Ahh, ted, another argumentative fallacy. A form of ‘post hoc ergo propter hoc’. You are now claiming that Harper can only make something an important issue IF, IF, IF, he has mentioned it before. He cannot make it an important issue unless he’s talked about it before. You do realize, I hope, the logical implausibility of your argument…You’ve set up a situation where nothing can ever be said about anything, unless it’s been said before…hmmm.
Your view that it’s not important if it hasn’t been said before – is logically invalid. Try again.
And I’m so glad that you’ll wait until he can move on that throne speech – which was exactly one week ago. I know that to you, informing the public about an issue, is trivial (‘throw some words into some speech’) but, others don’t have such a contemptuous view of Harper. Perhaps you are used to the Clouds blown by your Liberal politicians – which vanish as soon as they’ve gotten the vote.
That’s my point Shamrock. Health institutions clearly are the purview of the provinces. And I’ll go one further than that: matters of a local and private nature are provincial. And the courts have interpreted that against the federal government in court cases through the early part of the century. (Again, the federal powers vs. provincial powers fights, even over health care, are nothing new. It wasn’t something Trudeau started.)

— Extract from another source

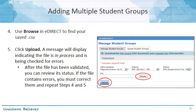Once that file has gone through the validation process, you're able to review the status. If the file does contain errors, you'll need to correct the errors within your CSV and repeat the steps to browse and then upload your new file.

All I’m saying is that the combination of the taxing powers of the Constitution and the equalization obligations under the Constitution make indirect health care spending by the federal government through the provincial governments constitutionally intra vires.
Recently I got involved with Wikipedia, translating an article on the Battle Of Tours to some foreign language. Several other pieces caught my attention and I happened to add some facts to the highly politicized articles. They immediately got vandalized and I had to restore them several times and got engaged in battles with anonymous partisan vandals. Wikipedia is NOT EVEN FUNNY anymore!!!